In a report submitted to the Office of Management and Budget Monday, Transportation Inspector General Kenneth Mead outlined financial challenges at Amtrak and said while the system was "not sustainable at current funding levels," there will likely be no increase in federal funding for the agency. He also noted the declining aviation trust fund, which makes the FAA increasingly reliant on federal funds. Congress has required the inspector general to issue the management report annually since 1998.
The report also noted progress: While Transportation receives low marks for financial performance on the OMB's score card, it has taken large strides toward better financial management. "They have a lot of things in place that a lot of agencies don't have, like cost accounting," said Tabetha Mueller, spokeswoman for the House Government Reform Subcommittee on Government Efficiency and Financial Management. Cost accounting, she explained, would enable the agency to know what increased expenditures would run and how much specific programs would cost.
"It's probably more important even than getting a clean opinion," she added.
The report also focused on problems with the business structure of agencies. It criticized Amtrak for delays, large operating losses, and lack of capital investment and called for major changes in the way the agency is managed. It noted that Amtrak was unlikely to receive the $1.8 billion it requested for its fiscal 2005 budget, which is still being debated by Congress.

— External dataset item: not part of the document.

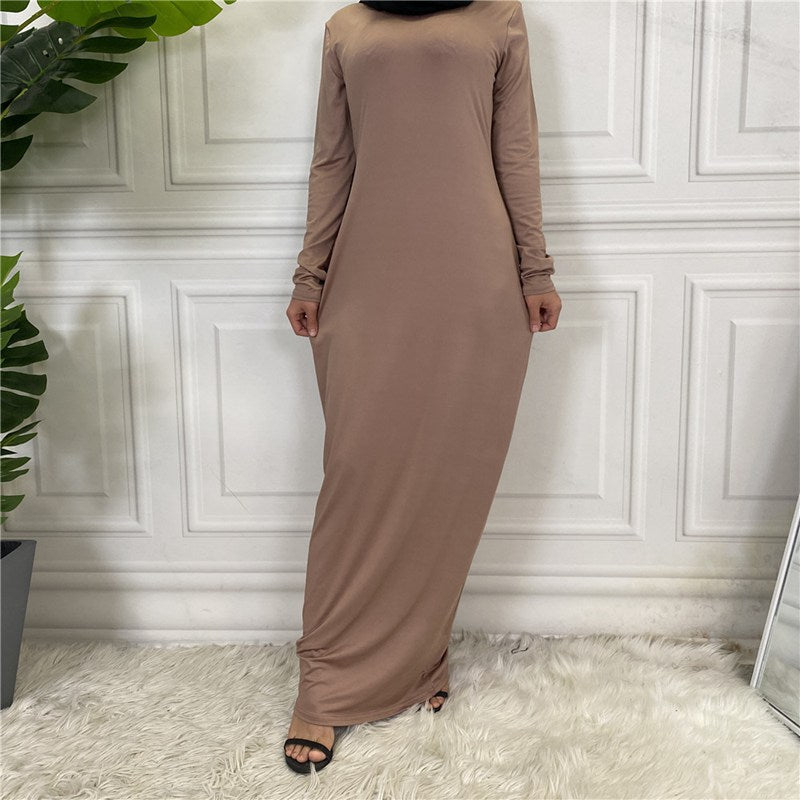 Muslim Women Micro Fiber Inner Abaya Dress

"Amtrak's management must find ways to reduce its need for operating subsidies," the report stated. It also urged immediate investment in capital improvements, such as bridges along the Northeast Corridor.

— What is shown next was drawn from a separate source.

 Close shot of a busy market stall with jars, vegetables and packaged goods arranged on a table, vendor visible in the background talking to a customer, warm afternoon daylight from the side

"With the resources we're given, we do the very best we can," said Cliff Black, director of media relations at Amtrak. He said Amtrak is in the process of making capital investments along the deteriorating Northeast Corridor, but will probably have to postpone some improvements if it does not receive the requested funding from Congress.

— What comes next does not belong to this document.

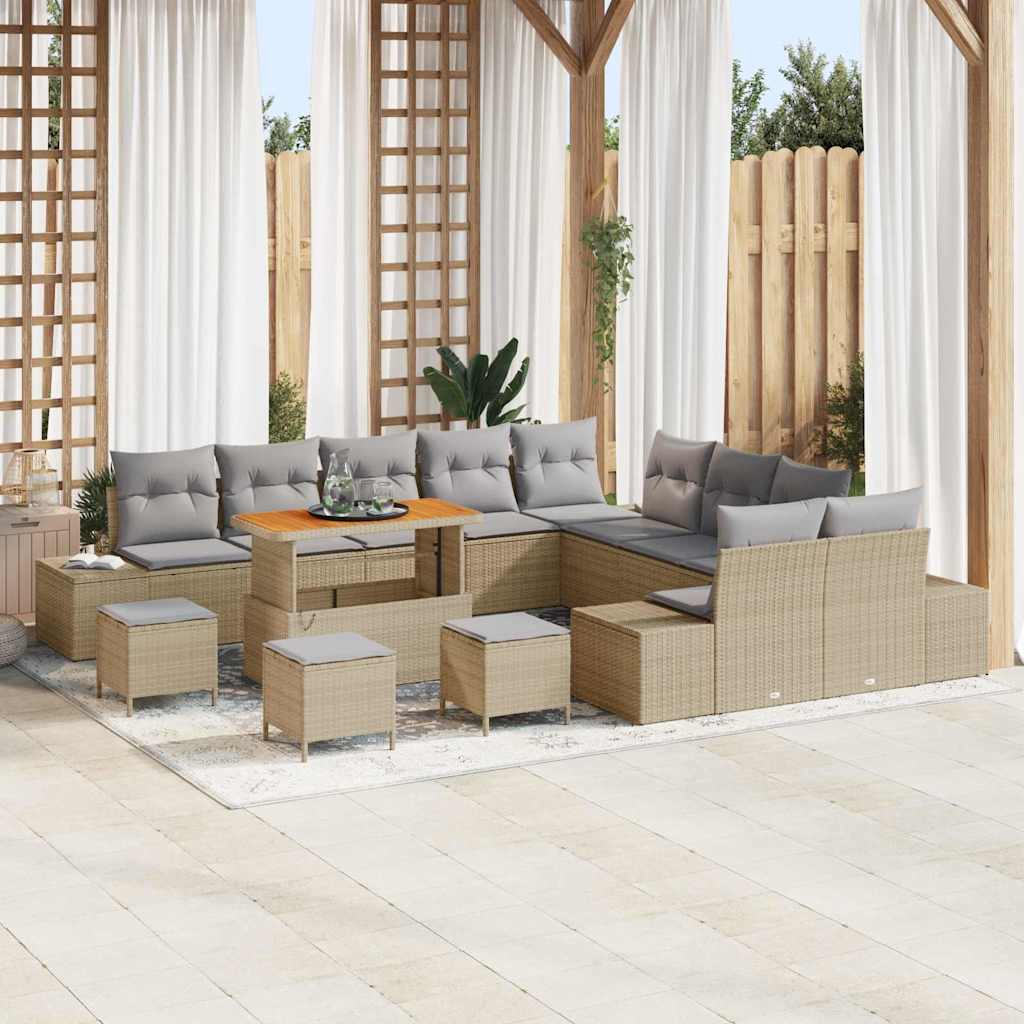 Set Divano da Giardino con cuscino 14 pcs Beige Poly Rattan | homemem39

Black added that Amtrak would like to have a program similar to the highway and aviation trust funds, but he declined to specify how it would be funded. The highway and aviation trust funds are subsidized in part by gas taxes and airline ticket sales.
One problem for the FAA, however, is the aviation trust fund has been drying up, the report said, which makes the agency increasingly dependent on federal funds. David Barnes, Transportation's director of public affairs, explained that declining airline ticket prices are to blame.
Airlines are outsourcing more maintenance work, which Barnes said leads to less FAA oversight. Major airlines outsource 51 percent of their maintenance expenses, compared with 37 percent in 1996, says the report. FAA was recently recognized for strong management.
The report predicted several "emerging issues," including human resource challenges due to anticipated retirements and the increased need for Transportation to communicate with other agencies, including the Transportation Security Administration, Homeland Security Department and the EPA, on national security and environmental issues.On OMB's score card, which rates agencies on their performance in categories designated by the President's Management Agenda, Transportation received a "green" rating, the highest, in all of the categories except for financial performance, in which it received a "red," the lowest score.